TCL Rides the Wave, Skyworth Rents the Boat, Hisense Builds the Ship: Is Slow and Steady the Best Approach?

Regardless, from the perspective of the overall global color TV competition landscape, the 3.0 era of Chinese advancement and Korean retreat has arrived.

Korean brands have clearly shifted toward 'maintaining volume and protecting profits,' with their core strategy for 2026 focused on value-driven replacement cycles through 'high-end + AI + sports events.'

Korean brands' strategic retreat has created a window of opportunity for Chinese brands to achieve both volume and price growth in the European and American high-end markets.

And China is indeed pressing its advantage.

In early 2026, two significant events occurred in the global color TV market: TCL formed a joint venture with Sony, and Skyworth reached a strategic cooperation agreement with Panasonic.

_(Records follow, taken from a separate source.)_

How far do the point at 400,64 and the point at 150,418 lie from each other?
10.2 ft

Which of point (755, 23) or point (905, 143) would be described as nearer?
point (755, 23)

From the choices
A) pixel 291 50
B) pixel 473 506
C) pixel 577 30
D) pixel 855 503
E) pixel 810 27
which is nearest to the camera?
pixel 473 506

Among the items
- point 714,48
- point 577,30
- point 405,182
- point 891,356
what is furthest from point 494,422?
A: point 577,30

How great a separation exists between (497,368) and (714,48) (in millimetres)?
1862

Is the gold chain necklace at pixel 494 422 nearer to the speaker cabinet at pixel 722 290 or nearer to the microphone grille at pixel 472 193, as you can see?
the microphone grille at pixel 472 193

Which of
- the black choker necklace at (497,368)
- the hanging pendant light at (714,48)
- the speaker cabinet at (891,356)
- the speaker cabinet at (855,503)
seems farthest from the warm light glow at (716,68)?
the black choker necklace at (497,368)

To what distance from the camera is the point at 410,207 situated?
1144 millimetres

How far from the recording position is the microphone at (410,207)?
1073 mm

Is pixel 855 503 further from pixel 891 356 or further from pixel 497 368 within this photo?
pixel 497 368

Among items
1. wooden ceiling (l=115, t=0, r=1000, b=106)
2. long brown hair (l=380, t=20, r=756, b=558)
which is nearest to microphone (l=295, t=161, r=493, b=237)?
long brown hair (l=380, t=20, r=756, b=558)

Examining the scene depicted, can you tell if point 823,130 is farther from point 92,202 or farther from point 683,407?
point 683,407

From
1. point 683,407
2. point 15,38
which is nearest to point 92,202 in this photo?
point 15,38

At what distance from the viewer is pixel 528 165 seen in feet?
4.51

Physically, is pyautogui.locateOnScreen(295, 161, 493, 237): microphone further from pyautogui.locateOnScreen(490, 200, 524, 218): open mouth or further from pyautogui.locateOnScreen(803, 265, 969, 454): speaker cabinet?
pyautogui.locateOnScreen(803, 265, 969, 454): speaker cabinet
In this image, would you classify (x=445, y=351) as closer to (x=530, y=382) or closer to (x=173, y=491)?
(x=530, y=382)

Combined with Hisense, which had already acquired Toshiba, China's leading color TV companies are using similar paths within the same time window to target the same goal: the overseas high-end market.

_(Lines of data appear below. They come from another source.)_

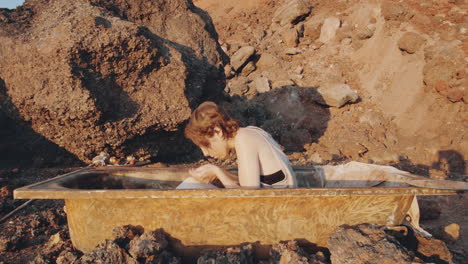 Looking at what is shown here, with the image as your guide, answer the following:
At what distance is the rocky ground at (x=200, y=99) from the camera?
2.54 metres

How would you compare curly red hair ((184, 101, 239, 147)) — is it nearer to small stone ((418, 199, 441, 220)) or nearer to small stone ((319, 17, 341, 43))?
small stone ((418, 199, 441, 220))

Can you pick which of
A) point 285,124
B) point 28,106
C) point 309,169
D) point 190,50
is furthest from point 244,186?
point 285,124

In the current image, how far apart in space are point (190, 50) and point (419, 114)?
4948mm

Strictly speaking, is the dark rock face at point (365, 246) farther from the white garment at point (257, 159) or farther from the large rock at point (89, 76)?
the large rock at point (89, 76)

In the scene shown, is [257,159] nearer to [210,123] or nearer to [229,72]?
[210,123]

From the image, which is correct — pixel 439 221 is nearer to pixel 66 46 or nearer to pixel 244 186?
pixel 244 186

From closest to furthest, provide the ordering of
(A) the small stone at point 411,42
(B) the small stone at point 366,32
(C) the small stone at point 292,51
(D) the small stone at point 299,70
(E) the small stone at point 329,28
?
(A) the small stone at point 411,42, (B) the small stone at point 366,32, (D) the small stone at point 299,70, (E) the small stone at point 329,28, (C) the small stone at point 292,51

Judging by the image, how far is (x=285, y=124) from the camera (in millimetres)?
6395

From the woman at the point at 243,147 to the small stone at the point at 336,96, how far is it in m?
4.69

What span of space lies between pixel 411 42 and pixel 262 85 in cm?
374

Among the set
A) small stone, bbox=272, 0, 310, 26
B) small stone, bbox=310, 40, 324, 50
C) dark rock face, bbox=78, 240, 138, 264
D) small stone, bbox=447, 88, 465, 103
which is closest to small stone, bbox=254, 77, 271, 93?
small stone, bbox=310, 40, 324, 50

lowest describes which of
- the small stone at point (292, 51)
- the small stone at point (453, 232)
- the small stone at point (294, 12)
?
the small stone at point (453, 232)

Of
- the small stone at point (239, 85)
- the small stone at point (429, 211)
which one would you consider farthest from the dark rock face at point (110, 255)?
the small stone at point (239, 85)

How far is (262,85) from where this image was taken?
7.79m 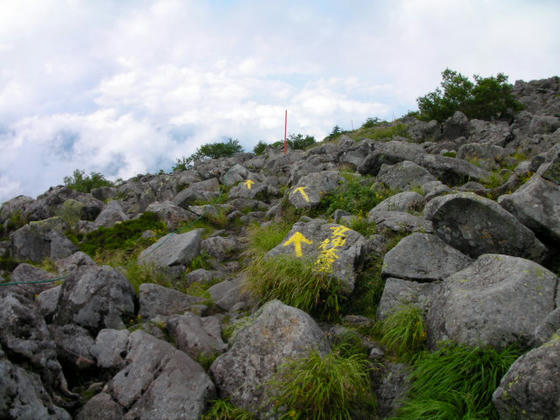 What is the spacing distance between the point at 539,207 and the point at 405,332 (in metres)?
3.25

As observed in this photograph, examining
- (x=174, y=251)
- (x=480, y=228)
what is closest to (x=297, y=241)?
(x=480, y=228)

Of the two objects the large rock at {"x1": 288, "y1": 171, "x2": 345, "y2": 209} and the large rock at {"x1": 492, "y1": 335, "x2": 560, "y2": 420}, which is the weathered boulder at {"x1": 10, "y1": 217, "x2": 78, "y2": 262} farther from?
the large rock at {"x1": 492, "y1": 335, "x2": 560, "y2": 420}

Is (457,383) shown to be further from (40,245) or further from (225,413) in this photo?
(40,245)

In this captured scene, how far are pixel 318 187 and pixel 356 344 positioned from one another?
21.2ft

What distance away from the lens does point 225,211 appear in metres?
13.6

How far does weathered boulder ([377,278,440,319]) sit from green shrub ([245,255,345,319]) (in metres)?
0.74

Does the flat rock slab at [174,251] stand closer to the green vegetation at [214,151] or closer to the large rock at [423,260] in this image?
the large rock at [423,260]

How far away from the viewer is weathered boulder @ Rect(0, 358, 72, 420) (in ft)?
12.7

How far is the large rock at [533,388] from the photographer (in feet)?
10.4

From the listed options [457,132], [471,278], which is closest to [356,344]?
[471,278]

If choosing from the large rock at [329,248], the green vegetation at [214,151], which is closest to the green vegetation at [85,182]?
the green vegetation at [214,151]

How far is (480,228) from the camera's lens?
21.0 ft

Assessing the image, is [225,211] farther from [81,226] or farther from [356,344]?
[356,344]

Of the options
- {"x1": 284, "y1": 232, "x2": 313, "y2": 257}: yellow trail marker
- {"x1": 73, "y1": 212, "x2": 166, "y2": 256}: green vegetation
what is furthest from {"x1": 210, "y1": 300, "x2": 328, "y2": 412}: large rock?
{"x1": 73, "y1": 212, "x2": 166, "y2": 256}: green vegetation
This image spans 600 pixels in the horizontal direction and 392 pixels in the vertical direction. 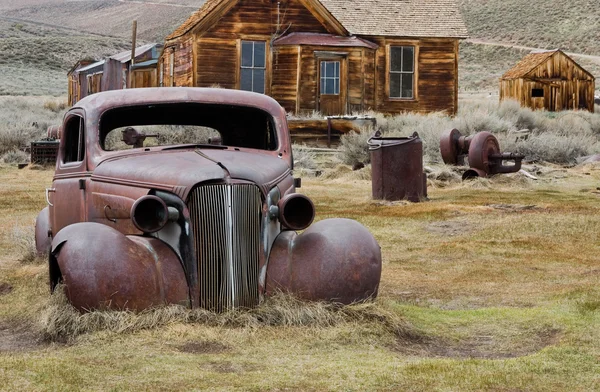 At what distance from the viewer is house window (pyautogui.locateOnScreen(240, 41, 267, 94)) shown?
28562 mm

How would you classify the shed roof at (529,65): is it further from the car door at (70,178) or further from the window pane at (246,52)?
the car door at (70,178)

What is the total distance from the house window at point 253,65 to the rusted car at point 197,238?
21.4 metres

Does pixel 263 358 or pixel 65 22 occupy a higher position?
pixel 65 22

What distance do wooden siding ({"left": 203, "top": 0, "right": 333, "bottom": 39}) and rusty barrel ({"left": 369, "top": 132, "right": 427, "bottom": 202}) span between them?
13365 millimetres

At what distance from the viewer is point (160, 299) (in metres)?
6.18

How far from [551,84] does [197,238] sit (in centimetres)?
4202

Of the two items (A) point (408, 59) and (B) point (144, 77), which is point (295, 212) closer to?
(A) point (408, 59)

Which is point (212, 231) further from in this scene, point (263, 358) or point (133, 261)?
point (263, 358)

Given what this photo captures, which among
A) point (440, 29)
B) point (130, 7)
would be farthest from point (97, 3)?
point (440, 29)

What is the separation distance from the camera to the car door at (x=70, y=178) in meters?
7.30

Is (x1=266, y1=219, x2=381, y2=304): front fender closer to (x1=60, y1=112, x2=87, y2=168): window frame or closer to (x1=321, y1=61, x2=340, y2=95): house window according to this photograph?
(x1=60, y1=112, x2=87, y2=168): window frame

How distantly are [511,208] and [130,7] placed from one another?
141 metres

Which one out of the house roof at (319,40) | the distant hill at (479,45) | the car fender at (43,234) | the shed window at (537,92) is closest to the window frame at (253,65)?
the house roof at (319,40)

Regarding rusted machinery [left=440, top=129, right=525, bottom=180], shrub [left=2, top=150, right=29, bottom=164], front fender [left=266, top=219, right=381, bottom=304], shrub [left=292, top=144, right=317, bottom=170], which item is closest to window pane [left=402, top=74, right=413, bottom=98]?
shrub [left=292, top=144, right=317, bottom=170]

However, their approaches differ slightly.

TCL is 'riding the wave' by leveraging strong industrial chain and technological integration to take a dominant position in the new joint venture with Sony.

According to Sigmaintell's forecast, TCL's global TV market share, including the joint venture, will expand to 17% by 2027, potentially surpassing Samsung to claim the global top spot for the first time.

Skyworth Group is 'renting the boat' through brand licensing and agency operations in its cooperation with Panasonic.

Panasonic transferred its North American and European sales and marketing operations to Skyworth, which handles operations while Panasonic retains brand ownership. This is not Skyworth's first such deal; it also operates Philips TV in North America.

Skyworth's rationale is that the strategic priority of its TV business is declining, making brand licensing the lowest-cost and fastest way to expand overseas.

In contrast, Hisense invests more heavily in building its own high-end brand: front-loading R&D, optimizing overseas supply chains, and continuously sponsoring top-tier events.

This path is the most resource-intensive and slowest.

As of the end of 2025, Hisense implemented a '1+7' global regional center layout, establishing 30 R&D centers worldwide and employing over 16,000 engineering and technical personnel—all representing costs.

Not to mention the investment in top-tier event sponsorships. Hisense has consistently used event marketing to enhance its global brand awareness and high-end image.

Jia Shaoqian, Chairman of Hisense Group, said that sports marketing is a 'slow and steady' approach.

But after investing hundreds of millions of dollars, how long will it take for this slow and steady approach to bear fruit?

Diminishing marginal returns are Hisense's current dilemma.

According to Hisense's official data, its global brand awareness surged from 37% to 59% between 2016 and 2021. However, marketing costs are eating into profits.

Financial reports show that Hisense Visual Technology's selling expenses totaled over 7 billion RMB in 2024 and 2025, exceeding its combined net profit for those two years.

Sports marketing represents a long-term accumulation of psychological effects. Exposure can accelerate awareness but cannot achieve trust conversion in the short term.

Hisense is betting against time. Will a decade or more of sustained exposure change global consumer perceptions?

TCL and Skyworth are bypassing the trust accumulation stage in shorter times using different approaches.

As for Hisense, which is building its own ship, only time and consumers can provide the answer to how far it is from reaching the other shore.